Crawled caption data:
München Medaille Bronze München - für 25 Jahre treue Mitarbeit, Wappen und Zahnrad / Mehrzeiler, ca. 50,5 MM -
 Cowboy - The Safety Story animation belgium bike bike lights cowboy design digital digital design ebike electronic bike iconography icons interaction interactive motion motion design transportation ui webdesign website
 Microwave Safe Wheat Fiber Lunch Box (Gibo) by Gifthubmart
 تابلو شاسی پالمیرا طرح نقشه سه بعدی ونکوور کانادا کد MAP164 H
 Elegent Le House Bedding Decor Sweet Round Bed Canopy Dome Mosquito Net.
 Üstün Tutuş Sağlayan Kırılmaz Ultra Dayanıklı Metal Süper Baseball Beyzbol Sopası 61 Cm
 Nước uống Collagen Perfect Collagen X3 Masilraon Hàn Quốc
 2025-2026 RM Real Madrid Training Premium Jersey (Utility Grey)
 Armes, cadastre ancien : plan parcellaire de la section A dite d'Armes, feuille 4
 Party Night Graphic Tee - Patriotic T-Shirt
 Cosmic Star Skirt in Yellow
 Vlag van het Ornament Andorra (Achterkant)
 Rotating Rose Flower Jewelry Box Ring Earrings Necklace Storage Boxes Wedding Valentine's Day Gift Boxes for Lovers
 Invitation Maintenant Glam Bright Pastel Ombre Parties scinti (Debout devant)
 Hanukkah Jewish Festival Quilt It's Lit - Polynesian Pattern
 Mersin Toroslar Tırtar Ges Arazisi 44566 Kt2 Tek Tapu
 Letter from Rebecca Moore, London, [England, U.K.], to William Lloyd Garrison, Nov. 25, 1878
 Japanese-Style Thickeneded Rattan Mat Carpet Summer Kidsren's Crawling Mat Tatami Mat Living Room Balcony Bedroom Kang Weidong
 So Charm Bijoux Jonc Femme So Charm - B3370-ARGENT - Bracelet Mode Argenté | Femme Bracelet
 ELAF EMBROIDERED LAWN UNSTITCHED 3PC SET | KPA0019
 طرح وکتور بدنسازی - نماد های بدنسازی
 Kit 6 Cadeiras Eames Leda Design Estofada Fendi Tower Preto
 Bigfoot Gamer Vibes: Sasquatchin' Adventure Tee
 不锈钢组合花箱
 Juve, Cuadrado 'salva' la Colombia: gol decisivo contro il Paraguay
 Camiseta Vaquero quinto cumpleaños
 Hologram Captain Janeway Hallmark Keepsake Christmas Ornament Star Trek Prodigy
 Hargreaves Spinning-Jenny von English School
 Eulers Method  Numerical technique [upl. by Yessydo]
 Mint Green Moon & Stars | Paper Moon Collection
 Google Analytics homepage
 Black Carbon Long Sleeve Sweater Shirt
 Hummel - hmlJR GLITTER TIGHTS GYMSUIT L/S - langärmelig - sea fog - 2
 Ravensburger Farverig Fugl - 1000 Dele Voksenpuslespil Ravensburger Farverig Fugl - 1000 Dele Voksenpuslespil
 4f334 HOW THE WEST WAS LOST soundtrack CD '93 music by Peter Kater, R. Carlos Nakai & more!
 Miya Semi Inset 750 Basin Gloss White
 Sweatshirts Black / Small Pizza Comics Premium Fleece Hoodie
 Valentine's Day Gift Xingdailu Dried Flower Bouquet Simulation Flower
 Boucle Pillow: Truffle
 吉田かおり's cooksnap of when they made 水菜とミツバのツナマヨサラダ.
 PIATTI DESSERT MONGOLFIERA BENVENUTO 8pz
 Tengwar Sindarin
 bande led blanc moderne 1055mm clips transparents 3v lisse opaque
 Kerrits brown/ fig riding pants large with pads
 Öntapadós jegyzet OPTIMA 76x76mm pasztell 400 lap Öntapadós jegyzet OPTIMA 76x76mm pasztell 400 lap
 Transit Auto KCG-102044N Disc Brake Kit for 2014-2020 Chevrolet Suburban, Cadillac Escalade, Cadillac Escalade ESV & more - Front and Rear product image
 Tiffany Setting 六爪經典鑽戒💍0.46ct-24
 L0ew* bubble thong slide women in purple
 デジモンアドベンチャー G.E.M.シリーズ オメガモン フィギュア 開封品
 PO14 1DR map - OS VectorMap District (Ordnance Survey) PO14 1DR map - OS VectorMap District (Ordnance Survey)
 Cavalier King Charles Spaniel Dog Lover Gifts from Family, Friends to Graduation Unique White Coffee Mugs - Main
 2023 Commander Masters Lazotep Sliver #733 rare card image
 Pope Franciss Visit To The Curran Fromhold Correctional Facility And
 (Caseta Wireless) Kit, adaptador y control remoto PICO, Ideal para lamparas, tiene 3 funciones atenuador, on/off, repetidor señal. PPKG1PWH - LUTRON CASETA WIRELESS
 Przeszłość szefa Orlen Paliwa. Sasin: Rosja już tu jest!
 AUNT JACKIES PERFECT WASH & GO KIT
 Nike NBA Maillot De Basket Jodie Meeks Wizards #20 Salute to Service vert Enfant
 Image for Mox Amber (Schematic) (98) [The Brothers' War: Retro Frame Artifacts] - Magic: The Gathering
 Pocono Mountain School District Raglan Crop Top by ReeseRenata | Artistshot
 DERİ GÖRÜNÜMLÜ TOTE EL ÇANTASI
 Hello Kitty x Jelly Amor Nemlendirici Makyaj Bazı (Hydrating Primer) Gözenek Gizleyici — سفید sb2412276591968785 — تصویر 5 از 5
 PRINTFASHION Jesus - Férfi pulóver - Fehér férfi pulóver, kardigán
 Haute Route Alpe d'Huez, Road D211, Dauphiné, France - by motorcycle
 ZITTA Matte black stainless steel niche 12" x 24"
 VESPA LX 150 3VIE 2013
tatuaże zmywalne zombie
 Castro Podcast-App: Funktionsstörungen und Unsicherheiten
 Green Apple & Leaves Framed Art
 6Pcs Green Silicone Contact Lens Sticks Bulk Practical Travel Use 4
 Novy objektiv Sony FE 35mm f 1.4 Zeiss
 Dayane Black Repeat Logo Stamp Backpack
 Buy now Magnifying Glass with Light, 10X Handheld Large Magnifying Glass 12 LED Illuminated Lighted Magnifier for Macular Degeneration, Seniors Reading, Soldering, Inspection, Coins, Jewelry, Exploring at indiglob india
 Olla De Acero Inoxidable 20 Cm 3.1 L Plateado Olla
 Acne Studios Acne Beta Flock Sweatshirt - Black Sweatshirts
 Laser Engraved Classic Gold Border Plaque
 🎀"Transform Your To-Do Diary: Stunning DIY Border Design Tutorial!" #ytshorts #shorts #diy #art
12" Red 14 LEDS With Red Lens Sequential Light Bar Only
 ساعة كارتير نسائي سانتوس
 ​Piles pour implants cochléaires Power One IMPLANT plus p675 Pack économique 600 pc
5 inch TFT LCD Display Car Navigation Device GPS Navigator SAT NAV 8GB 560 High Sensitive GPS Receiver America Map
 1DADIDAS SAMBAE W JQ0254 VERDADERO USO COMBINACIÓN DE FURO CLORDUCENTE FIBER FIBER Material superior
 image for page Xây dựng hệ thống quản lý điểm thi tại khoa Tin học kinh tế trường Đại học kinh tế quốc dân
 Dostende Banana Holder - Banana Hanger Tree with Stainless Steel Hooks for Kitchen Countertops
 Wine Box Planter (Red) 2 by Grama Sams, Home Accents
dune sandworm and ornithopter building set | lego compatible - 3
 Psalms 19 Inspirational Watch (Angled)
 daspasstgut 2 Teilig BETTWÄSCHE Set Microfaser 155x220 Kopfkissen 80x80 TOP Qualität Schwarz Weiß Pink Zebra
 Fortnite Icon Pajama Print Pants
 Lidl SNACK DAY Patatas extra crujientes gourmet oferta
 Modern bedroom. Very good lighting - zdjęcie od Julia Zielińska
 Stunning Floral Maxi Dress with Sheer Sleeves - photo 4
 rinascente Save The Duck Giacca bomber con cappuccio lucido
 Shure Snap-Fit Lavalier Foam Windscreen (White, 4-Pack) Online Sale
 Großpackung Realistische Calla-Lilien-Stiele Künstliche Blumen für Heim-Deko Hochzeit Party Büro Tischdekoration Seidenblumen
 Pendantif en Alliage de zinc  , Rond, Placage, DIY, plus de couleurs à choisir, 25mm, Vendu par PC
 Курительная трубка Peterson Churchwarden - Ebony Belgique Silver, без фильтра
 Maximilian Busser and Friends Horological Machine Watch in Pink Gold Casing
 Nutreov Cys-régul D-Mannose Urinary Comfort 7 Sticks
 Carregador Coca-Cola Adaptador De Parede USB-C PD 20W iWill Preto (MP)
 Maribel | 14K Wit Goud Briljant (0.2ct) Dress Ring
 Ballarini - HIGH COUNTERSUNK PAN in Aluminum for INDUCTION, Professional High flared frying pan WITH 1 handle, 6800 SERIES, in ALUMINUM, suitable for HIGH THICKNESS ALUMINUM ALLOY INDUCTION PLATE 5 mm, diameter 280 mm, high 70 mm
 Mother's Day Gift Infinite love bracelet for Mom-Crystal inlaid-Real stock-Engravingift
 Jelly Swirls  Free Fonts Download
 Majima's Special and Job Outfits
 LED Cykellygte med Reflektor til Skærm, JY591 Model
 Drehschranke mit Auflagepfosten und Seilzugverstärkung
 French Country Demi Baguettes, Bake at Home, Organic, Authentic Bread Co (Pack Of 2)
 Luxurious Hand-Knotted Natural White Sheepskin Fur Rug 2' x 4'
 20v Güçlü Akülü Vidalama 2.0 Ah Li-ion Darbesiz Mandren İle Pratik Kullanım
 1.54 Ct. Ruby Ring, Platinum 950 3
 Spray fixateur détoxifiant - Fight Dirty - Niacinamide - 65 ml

◆ Work request
Check each line of the records for the string "Preto" and copy those that have it.

◆ Exercise solution
 Kit 6 Cadeiras Eames Leda Design Estofada Fendi Tower Preto
 Carregador Coca-Cola Adaptador De Parede USB-C PD 20W iWill Preto (MP)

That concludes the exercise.